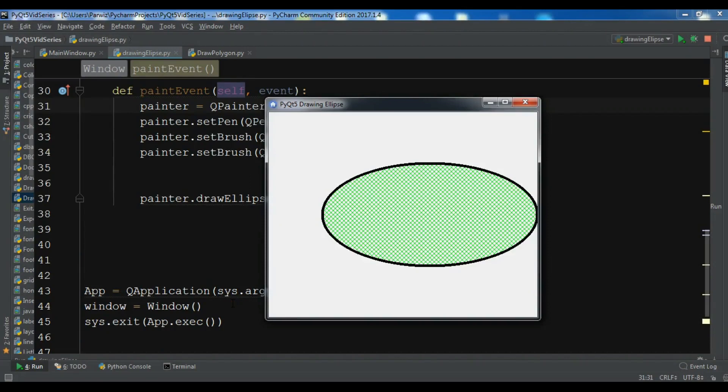Hello YouTubers, I am Parwiz and this is our 57th video in Python GUI development with PyQt5. In the previous video we learned how to draw an ellipse in PyQt5. In this video I want to show you drawing of polygons in PyQt5.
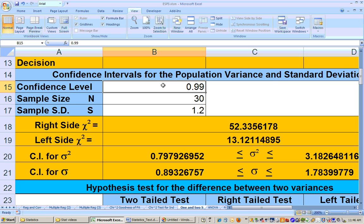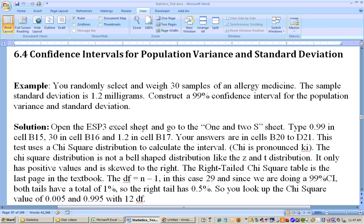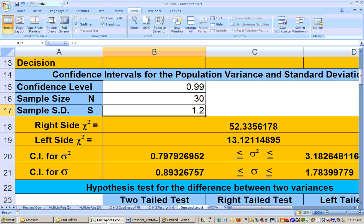You put in your confidence level right here, which we were told was 99%. Put in your sample size right there, which was 30, and then the standard deviation was 1.2 milligrams. We can double-check those numbers: 1.2 milligrams, 99%, sample size of 30. It then calculates something called chi-square — that's what this letter means right here.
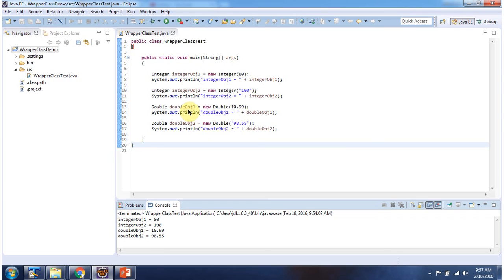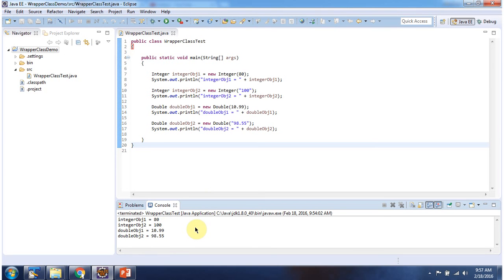Here I am creating Double object one using the Double constructor which accepts primitive data type double. Here I am creating Double object two using the Double constructor which accepts string, and here you can see the output. This is about how to create wrapper class objects, and thanks for watching.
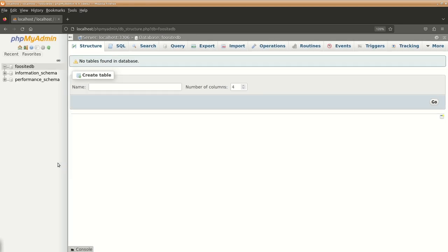So now we are ready with our database that can be used for the Drupal installation or maybe for any other purpose dependent upon your requirement.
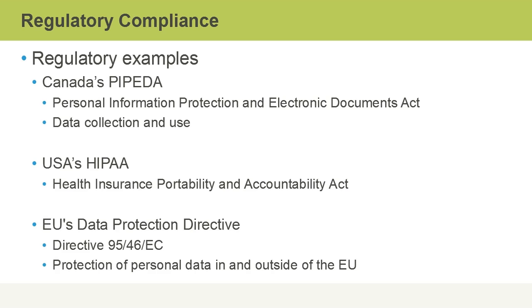In the European Union, we've got the EU Data Protection Directive, Directive 95/46/EC, which deals with the protection of personal data in and outside of the European Union. In this video, we discussed regulatory compliance.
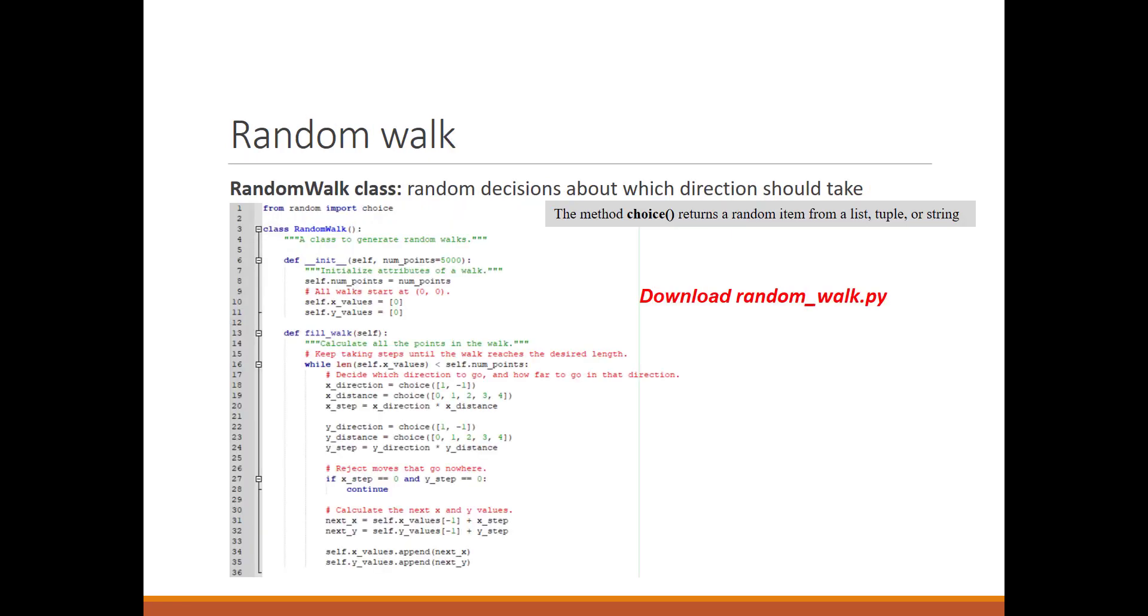For this purpose, we create a class called RandomWalk. It generates the random walk. As we covered in the last session, in the init method we have attributes. The number of points has a default value of 5,000. The initial X and Y values attributes are zero, so the walk starts at zero. This class uses a library called random.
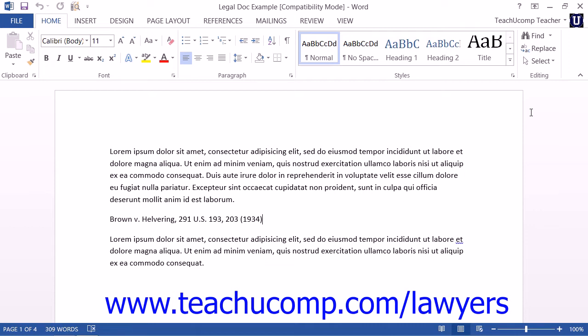When you mark a legal citation, Word will insert a hidden TA or Table of Authorities entry field within your document next to the cited text. You can then search for the next long or short citation within the document to mark, or you can automatically mark each of the following occurrences of the citation within the document.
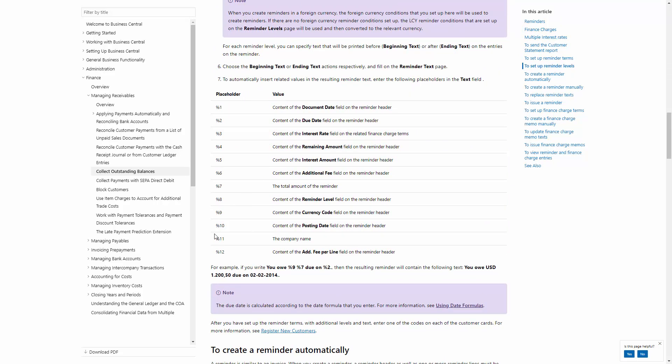So I have Percentage 11, where it says Yours Sincerely. I have Percentage 11 put into my ending text, which will be replaced by the company name when I issue the reminder.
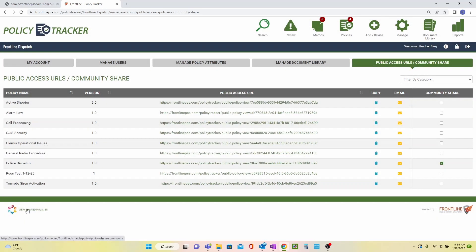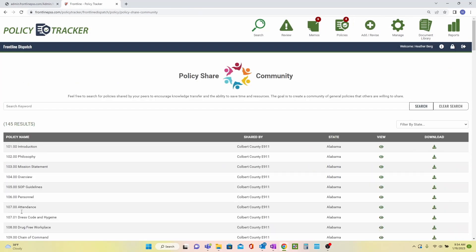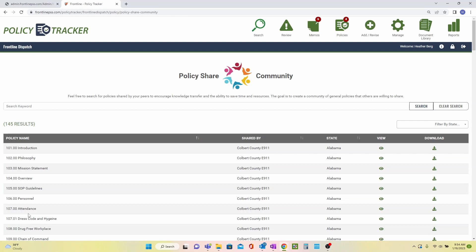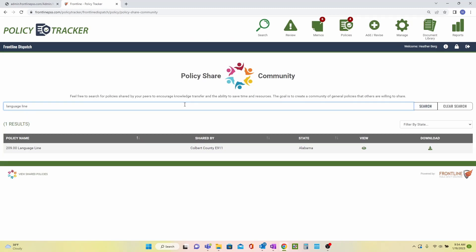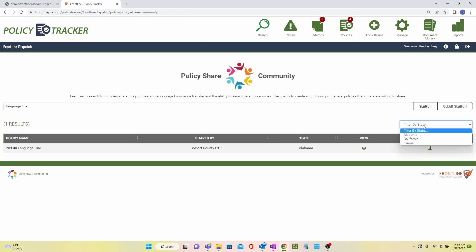To view policies other agencies have shared, you click this icon and you can search for whatever topic you are looking for. You can even narrow it down by state. Thank you very much for watching this video.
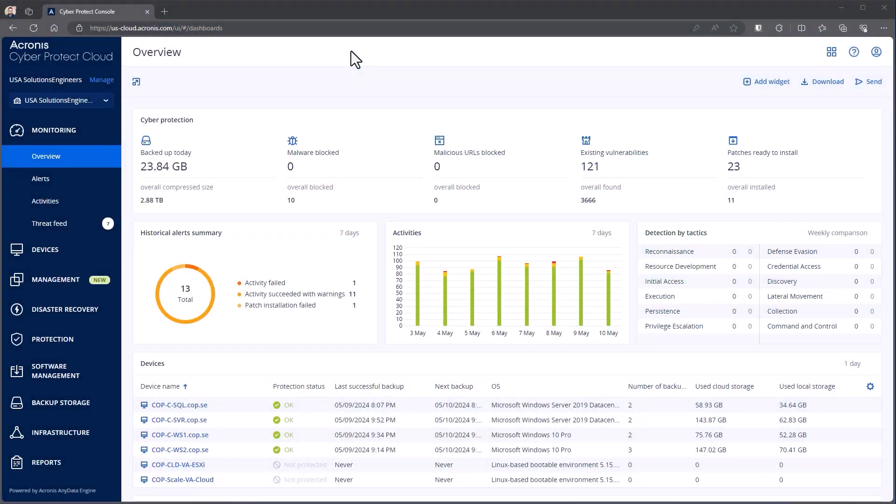Hello, today we're going to run you through the dashboard, activities, and reporting capabilities of Acronis CyberProtect. Today we are using our cloud console, but this capability remains the same whether you're using our cloud deployment or an on-premise deployment.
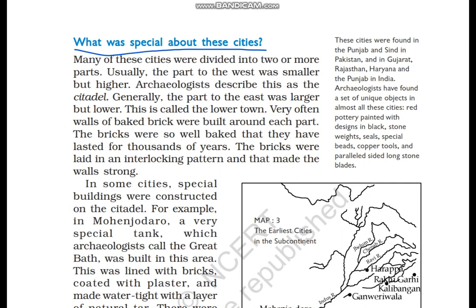The city was divided into two parts. The west part was higher, and the east part was lower and bigger. The archaeologists named the higher western part the 'Citadel,' and the lower eastern part, which was bigger, is called the 'Lower Town.'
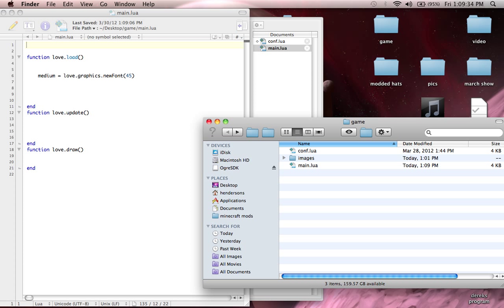Sup guys, Monkey Bacon here from Sock Monkey Development. Today we're going to be starting on our actual game. Our project from now on that's going to help you learn a lot about Love2D is going to be a top-down, super simple shooter.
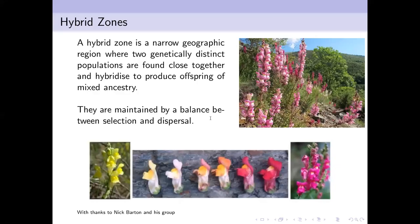What's a hybrid zone? A hybrid zone is a narrow geographic region where two genetically distinct populations have come together. They can breed with one another, but the offspring are not as fit as the parents, so the zone remains of finite width. These are ubiquitous. The particular example shown is one Nick's group has worked on for many years: antirrhinum, or snapdragons, growing in the Pyrenees near the border between Spain and France.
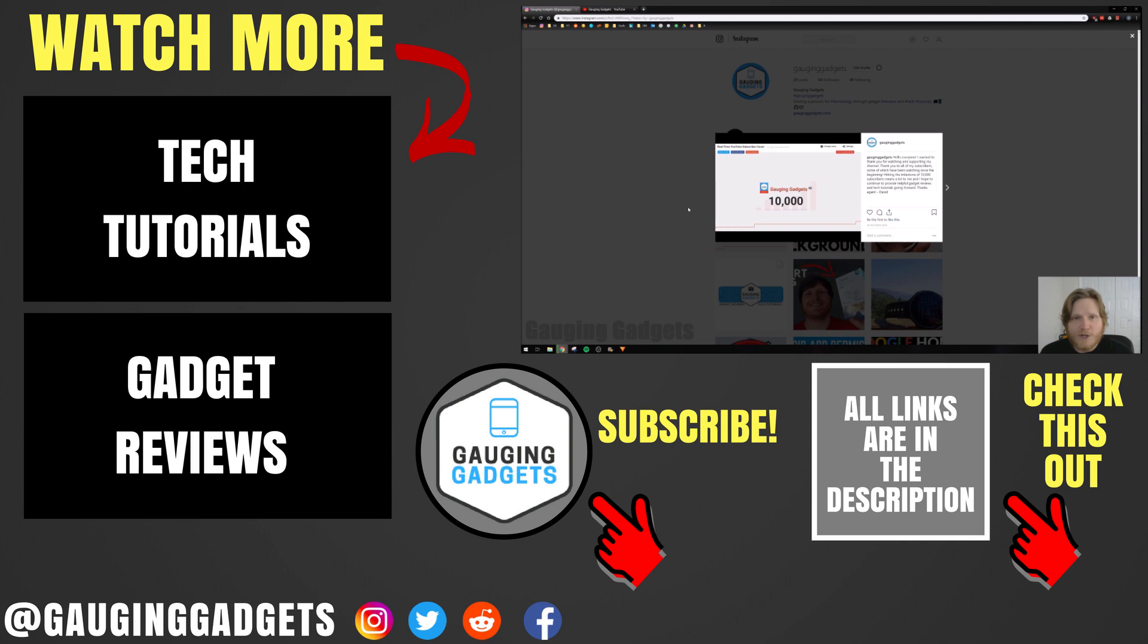Very cool. So that's how you post to Instagram on a desktop computer or Chromebook. If you have any questions about this, leave a comment below. I'll get back to you as soon as I can.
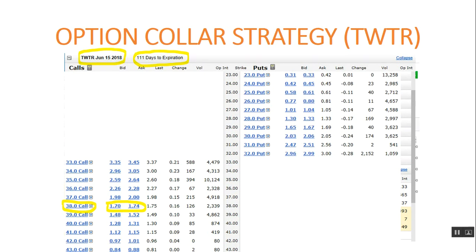Now we look at the call options — I circled the key figures. These call options expire in 111 days, June 15, 2018, about four months from now. I like the $38 calls. The bid is $1.70, the ask is $1.74, so let's say you get it for $1.72. You sell to open this call option. Congratulations, you now have a short position on a call option expiring four months from now, June 2018.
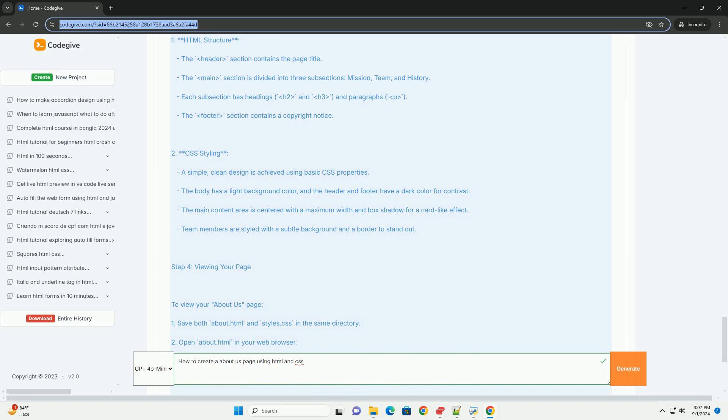Finally, test the page across different browsers to ensure compatibility. By thoughtfully combining HTML and CSS, you can create an informative and visually appealing About Us page that reflects your brand's identity.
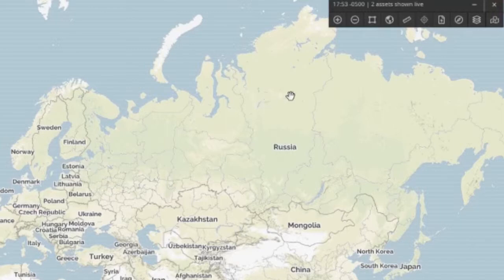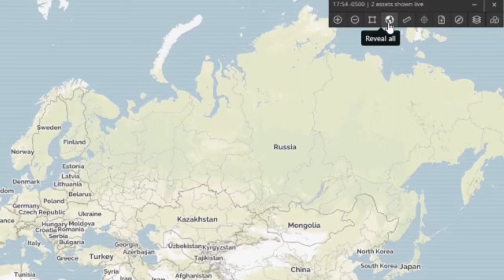The one we are most interested in today is the fourth one, Reveal All. It's indicated both by the globe and the fact that when you hover over it we clearly indicate what the button is.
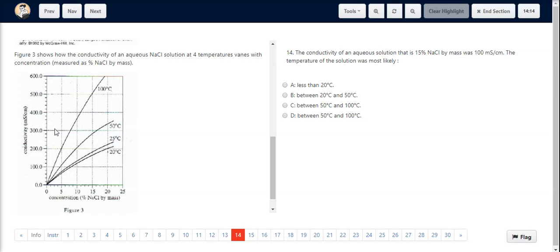For question number 14, we look at figure 3 for a concentration of 15% and an electrical conductivity of 100 millisiemens. At this particular point, the temperature would be definitely less than 20 degrees Celsius. The temperature lines are increasing from 20 to 25 to 50 with an increasing gradient.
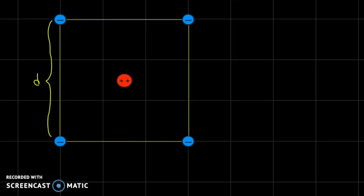In this problem we have a square of side D and we have four electrons each located at a corner of the square. In the middle of the square we have an alpha particle. An alpha particle consists of two protons and two neutrons, so the charge of the alpha particle is equal to positive two times the elementary charge E. We want to move the alpha particle from the center of the square to the midpoint of one of the sides, and the question is how much work is required to do this.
—————
Task prompt — From the records above, transcribe exactly the lines starting at the one containing "Hello, today we're" and ending at the one containing "Sup guys, Monkey". Skip the pictures.

Task result —
Hello, today we're going to run you through the dashboard, activities, and reporting capabilities of Acronis CyberProtect. Today we are using our cloud console, but this capability remains the same whether you're using our cloud deployment or an on-premise deployment.
The city was divided into two parts. The west part was higher, and the east part was lower and bigger. The archaeologists named the higher western part the 'Citadel,' and the lower eastern part, which was bigger, is called the 'Lower Town.'
Sup guys, Monkey Bacon here from Sock Monkey Development. Today we're going to be starting on our actual game. Our project from now on that's going to help you learn a lot about Love2D is going to be a top-down, super simple shooter.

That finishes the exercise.